ER ist dafür verwantwortlich, dass in Vietnam und Kambodscha ettliche tausend Menschen ihr Leben verloren haben. Er hat ein neutrales Land (Kambodscha) angegriffen, weil er dachte es würden sich dort Vietkong aufhalten. Er hat viele *unschuldige Zivilisten* auf dem Gewissen. Nach Definition ist das ein Verbrechen gegen die Menschlichkeit.

§ 7 VStGB Verbrechen gegen die Menschlichkeit - dejure.org

Dazu hat er geschickt den Kongress umgangen. Der hätte nämlich einer solchen Aktion zustimmen müssen, was er niemals getan hätte.
Kissingers Verständnis von Demokratie und die Wertschätzung von Menschenleben ist so gering wie nur irgendwie möglich.

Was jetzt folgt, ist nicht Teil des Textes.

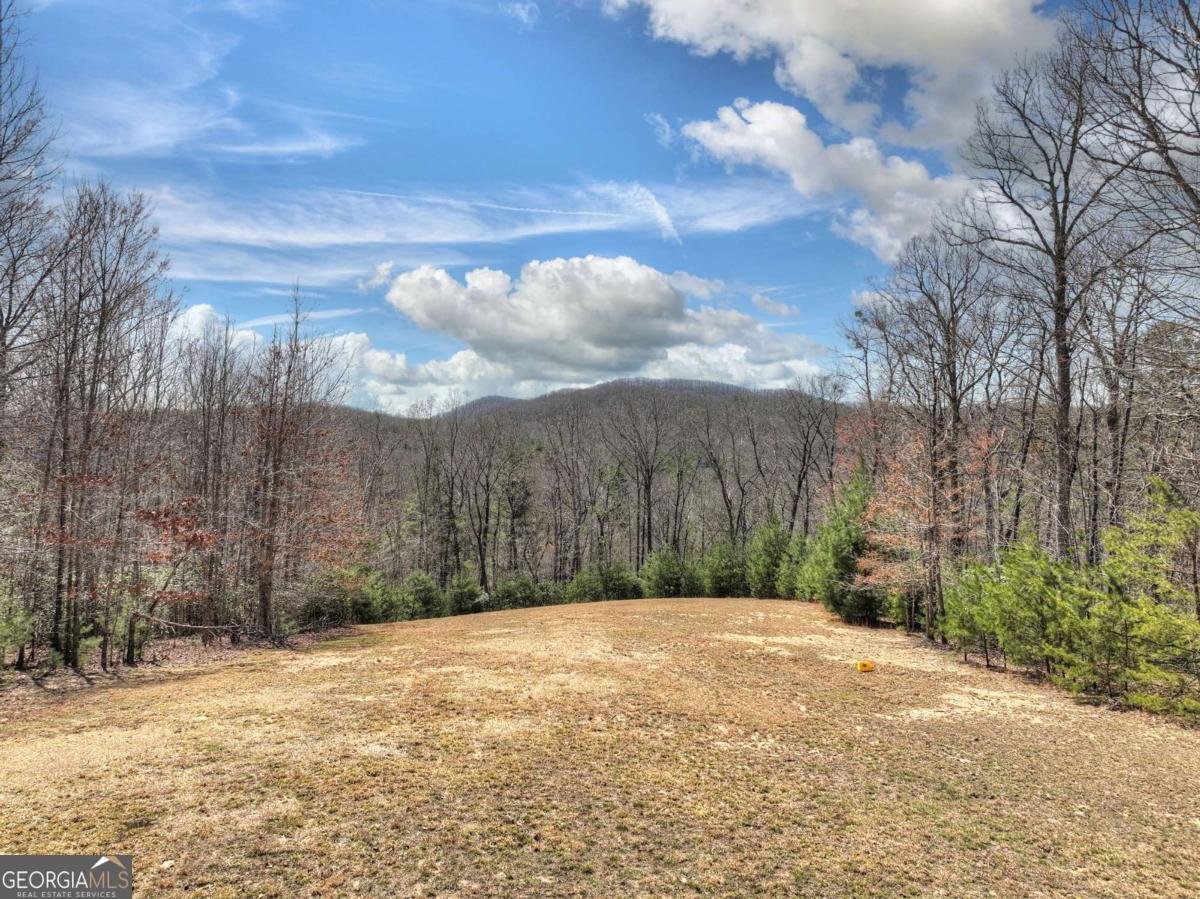 509 Wisteria Lane Morganton - 88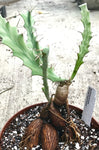 Euphorbia buruana | 3” pots | Caudex Medusioid Euphorbia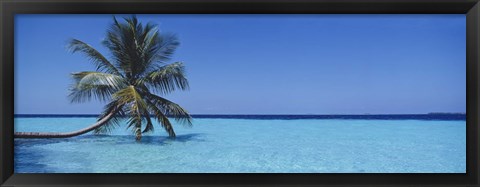 Framed Palm tree in the sea, Maldives Print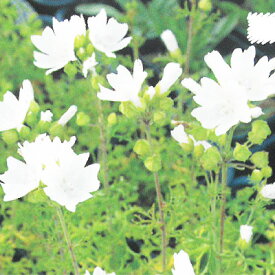 楽天市場 ジャコウアオイの通販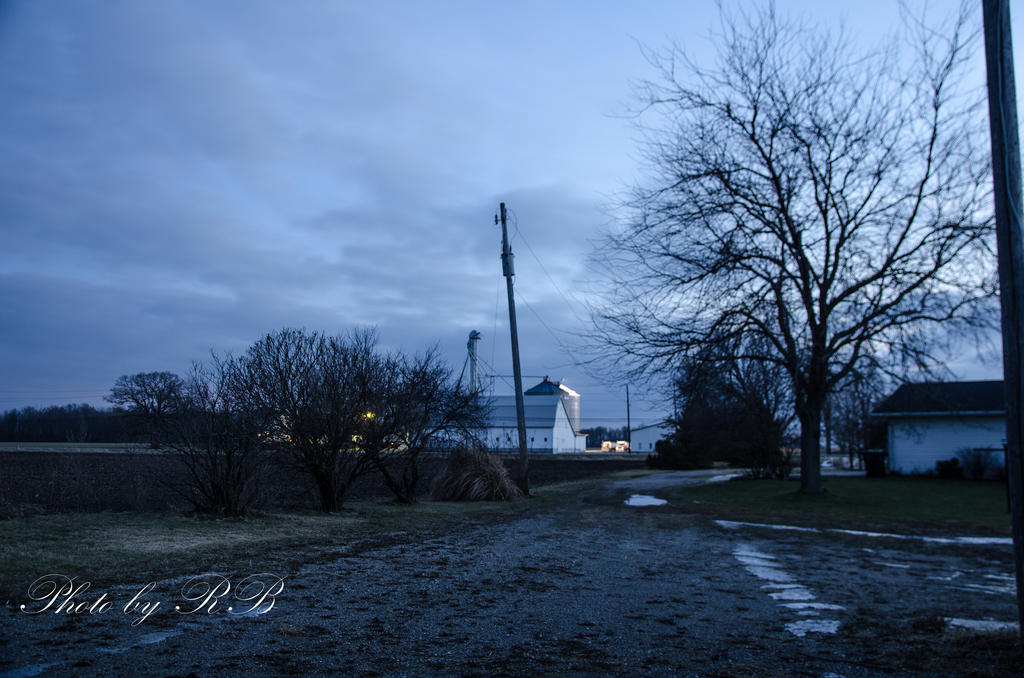 20130212-_1RB2885.jpg
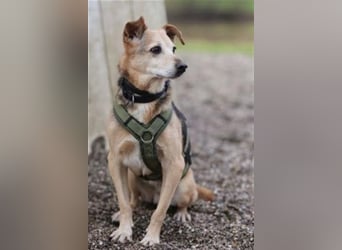 Rinky - sanfter Herzenshund sucht ein Happy End
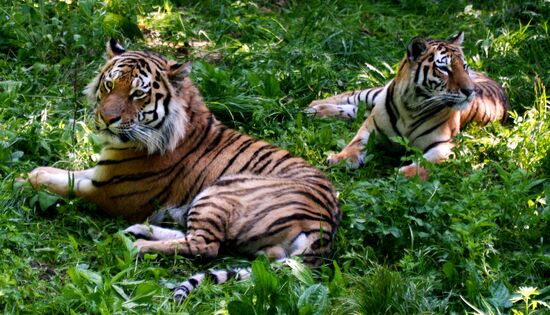 The tigers Amur and Ussuri at Primorye Safari Park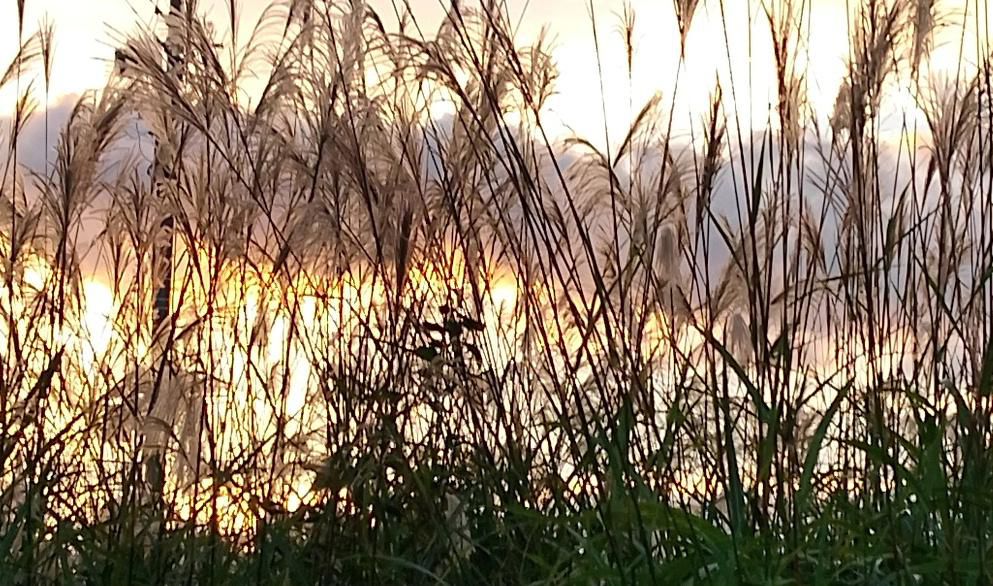 昨日の夕方は久しぶりの夕焼けでした 夕日を受けたススキの穂 散歩の途中での吉野川の土手の工事現場のシェルエット どれもが秋を感じさせる風景となりました 今年は朝日の上る風家や夕焼けを撮る機会があまりありません 秋晴れのさわやかな天候が恋しいです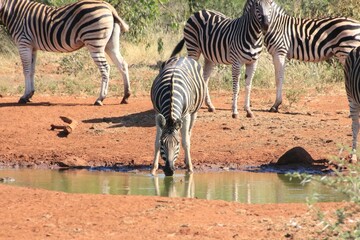zebra drinking - private wilderness reserve Botswana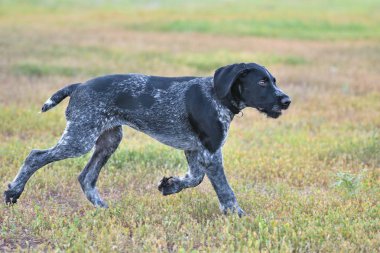Avcılık köpek doğurmak Alman Wirehaired ibre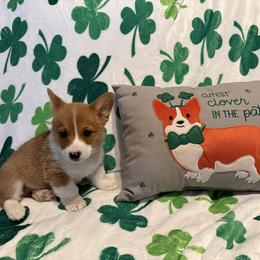 Olaf - Red male Pembroke Welsh Corgi puppy in Ohio from Canal Corgis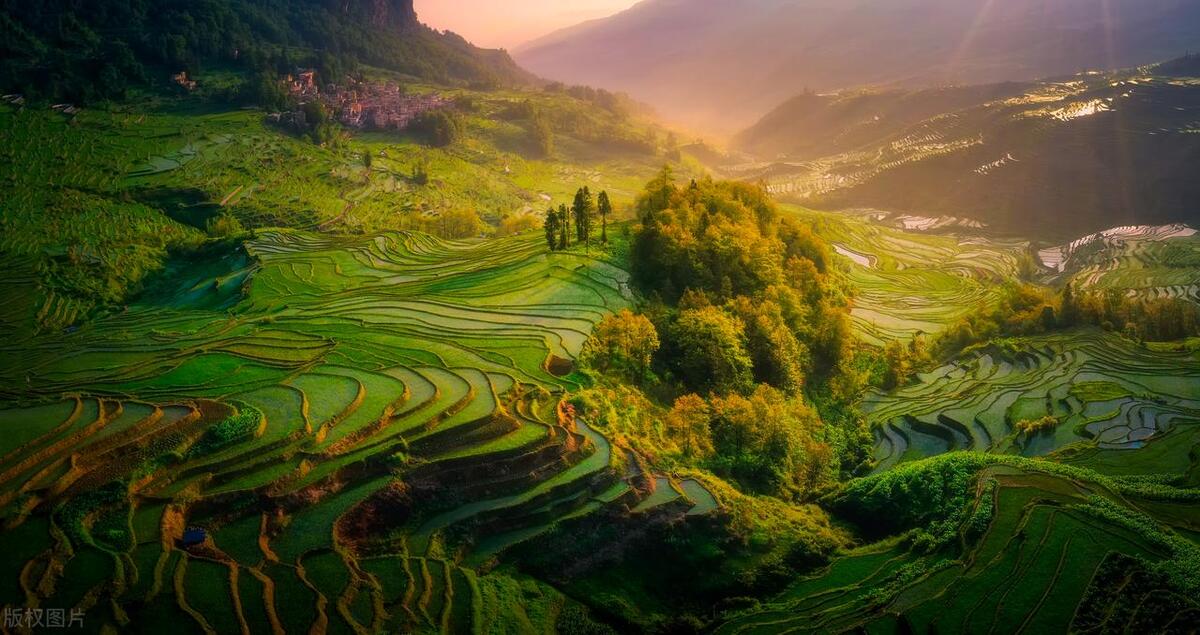 苏珊米勒2023年12月各星座运势,2023年最后一周星座运势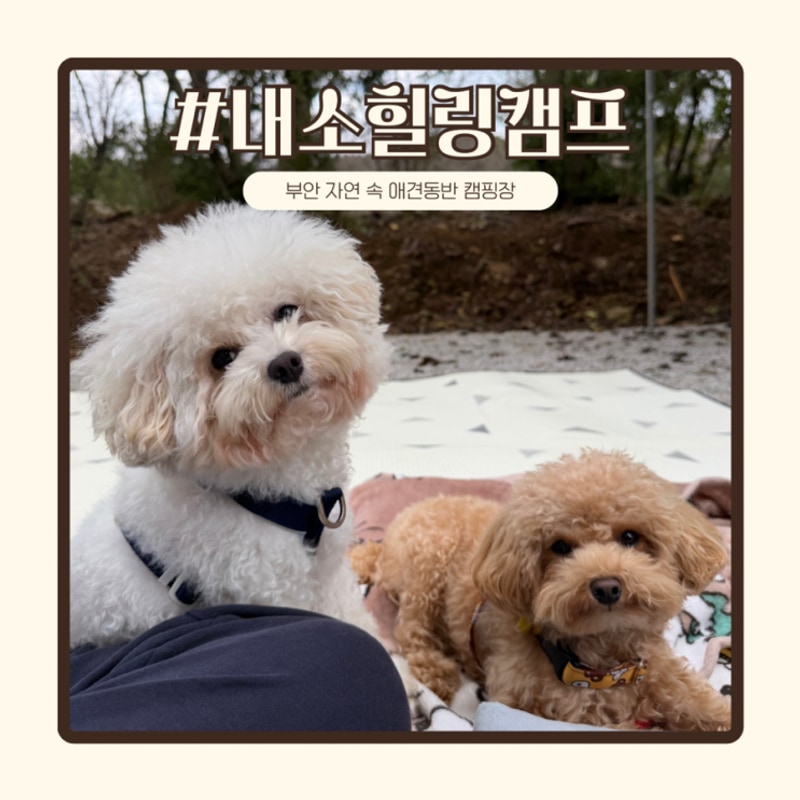 전북 부안 캠핑장 내소힐링캠프 | 강아지와 여유로운 힐링타임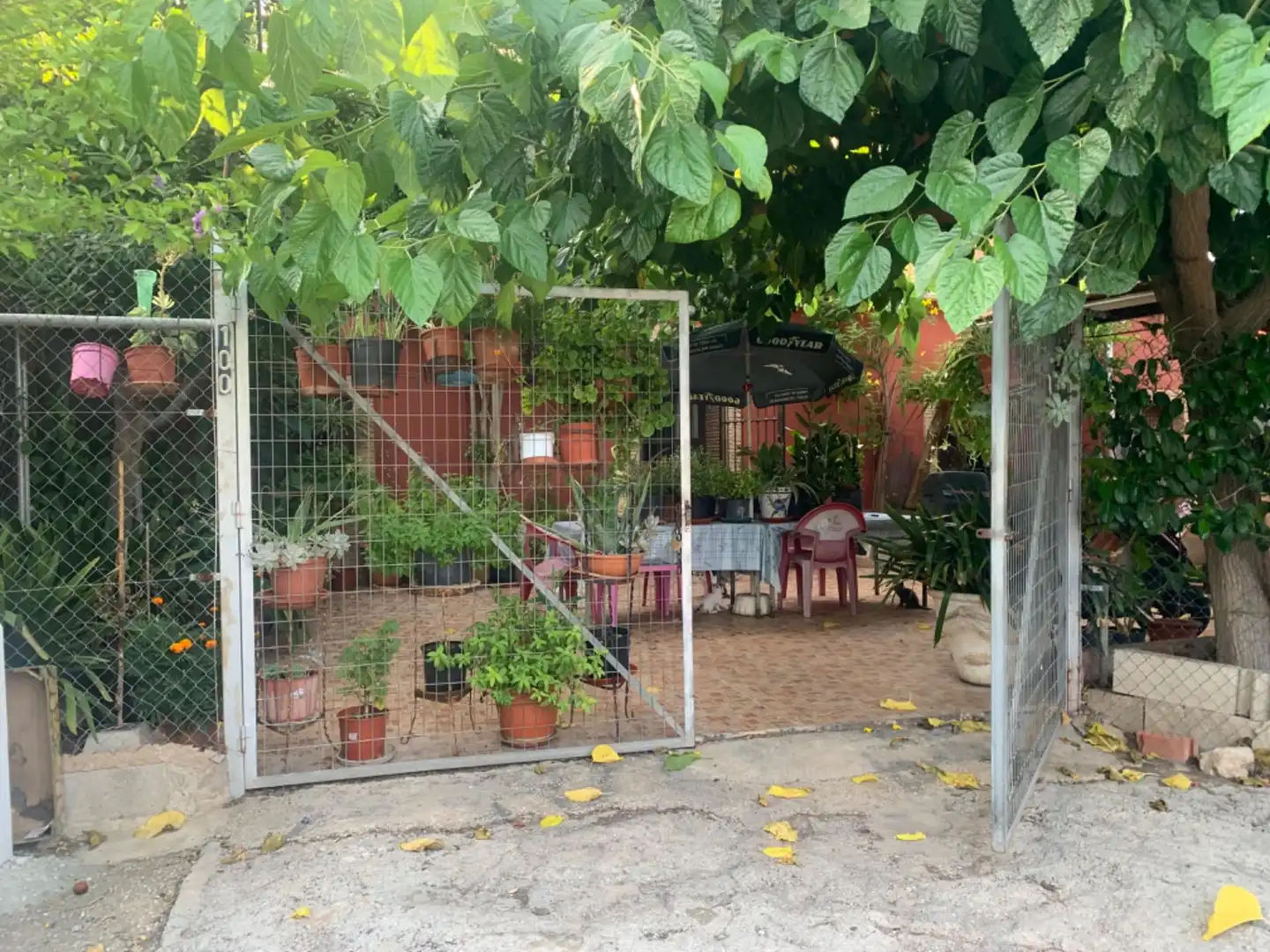 Finca rústica en venda a Alquerías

Aber es ist interessant zu sehen, dass du diesen Schwerverbrecher, der nur durch seinen Status und seinen Einfluss in der Politik einem Urteil entgangen ist, verteidigst.




> 1973 wurde Kissinger Aussenminister der USA. Im selben Jahr bekam er den  Friedensnobelpreis für seine Friedensvermittlungen im Krieg gegen das  damalige Nordvietnam.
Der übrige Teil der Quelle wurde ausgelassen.